The great American promise is that if you work hard—no matter where you come from—you can be anything you want to be. Ron Suskind set out only to challenge that notion when he began reporting A Hope in the Unseen, published in 1995. And the then Wall Street Journal reporter took it several steps further–to understand more deeply what that means for “the other America.”
The book is an extension of Suskind’s Pulitzer Prize-winning series on honor students at Ballou High School in Washington, DC, one of the city’s worst high schools located in its most dangerous neighborhood. During that reporting he met Cedric Jennings, the book’s central character.
From the first page to the last, Suskind’s reporting is precise, his writing is clear and the narrative that he weaves together is seamless. It is Suskind’s writing that brings nuance and substance to the experiences of poor African Americans who are trying to climb out of despair and hardship, creating three-dimensional characters. Much of what is written about “the other America” — mostly people of color who face systemic challenges in social mobility–doesn’t go any deeper than playing with their vulnerabilities. In this book, Suskind immerses himself with these characters to not only understand their lives, but to effectively become a part of them, capturing the struggles, thoughts and the everyday lived experiences.
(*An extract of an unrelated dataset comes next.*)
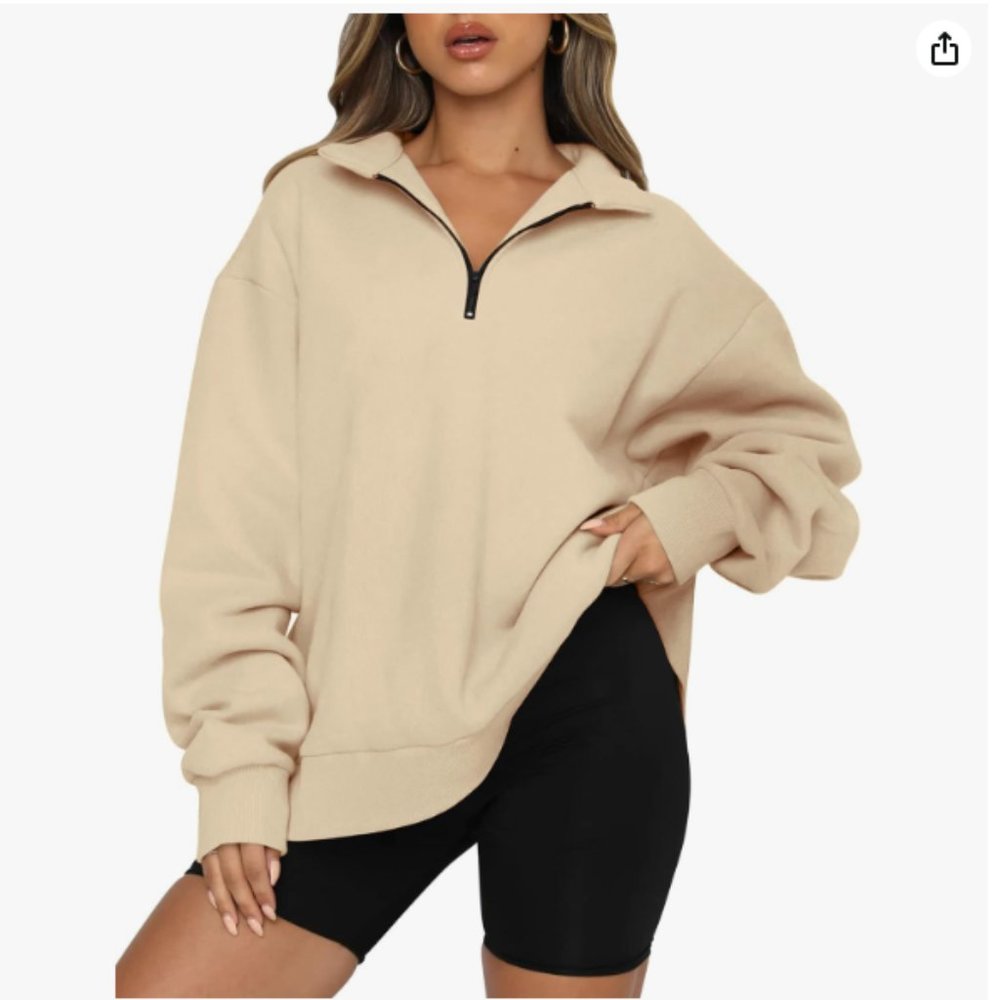 ATHMILE Womens Oversized Half Zip Sweater - Size Medium - NWT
In the course of reporting the book, he stripped away stereotypes and put flesh on the anecdotes and statistics.
Suskind calls it, “An American odyssey from the inner city to the Ivy League.” He follows Cedric, capturing his angst as a lonesome high school sophomore, to his elation when he is accepted into a prestigious MIT summer prep program for minority students, to his junior year at Brown University, and everything else in between.
At the beginning of the book we meet Cedric as a rising sophomore at Ballou. He is a hard-working, determined, thoughtful, shrewd—and oftentimes stubborn—young man. He is the star student to the teachers and an outcast to his peers. He stays in the shadows at Ballou, missing award ceremonies that honor the few good students at Ballou like him, to avoid his bullies. He would rather sit in his favorite teachers’ classrooms and study for the SAT than go to lunch.
Aside from school, the “everything else in between” centers on his home life and the constant hurdles he faces. Cedric has typical teenage worries, but is forced to be a man in the way his unprivileged life requires. He has to dodge drug dealers leaving school, cook dinner when he gets home and then spend all night studying, getting very little sleep.
Suskind doesn’t just focus on Cedric, he also tells the story of his mother, a woman who pays enormous costs to protect her son. Her name is Barbara. Through Suskind’s precision in reporting and storytelling the reader understands that she is a humble, church-going woman of quiet humility with a backbone of steel. She tries desperately to insulate her son from the constant lure of drugs, crime, gangs and failure that plague their impoverished DC neighborhood. Sometimes, to no avail. Suskind is with her when she makes sure she and Cedric (She calls him by his middle name: Lavar) are in church every Sunday. He follow her when she comes home from work dog-tired, and even when she puts her last $20 in the church collection plate hoping and praying for a better life for her and Lavar.
Suskind brings universal elements to Cedric’s story, as he tries to understand why he is bullied and ridiculed for being smart, why he has to do some of things he has to do, and he is constantly embattled by figuring out how to make his circumstances better. The book explores three main themes: identity, acceptance and education. Cedric is a complex character with internal struggles that Suskind doesn’t exploit but humanizes. One problem in his life is his father, who is also named Cedric, which is why his mother calls him Lavar. The elder Cedric is a classic recidivist. He is a longtime drug user and dealer, even though he has a college degree. His crimes have landed long him in and out of jail, probation and work release programs. Lavar wants his father’s love, but realizes it’s a futile effort.
Through his selection of scenes, quotes and dialogue, Suskind successfully achieves his goal of informing the reader that there are larger forces at work that impede on the success of this family who realizes that great American Dream has not held up its end of the bargain.
We see Cedric constantly question his hard work and whether it’s worth it. He thinks about what the kids at the “good schools” are doing and whether he will make it, especially after being at MIT then Brown, from which he ultimately, with much pain, graduated.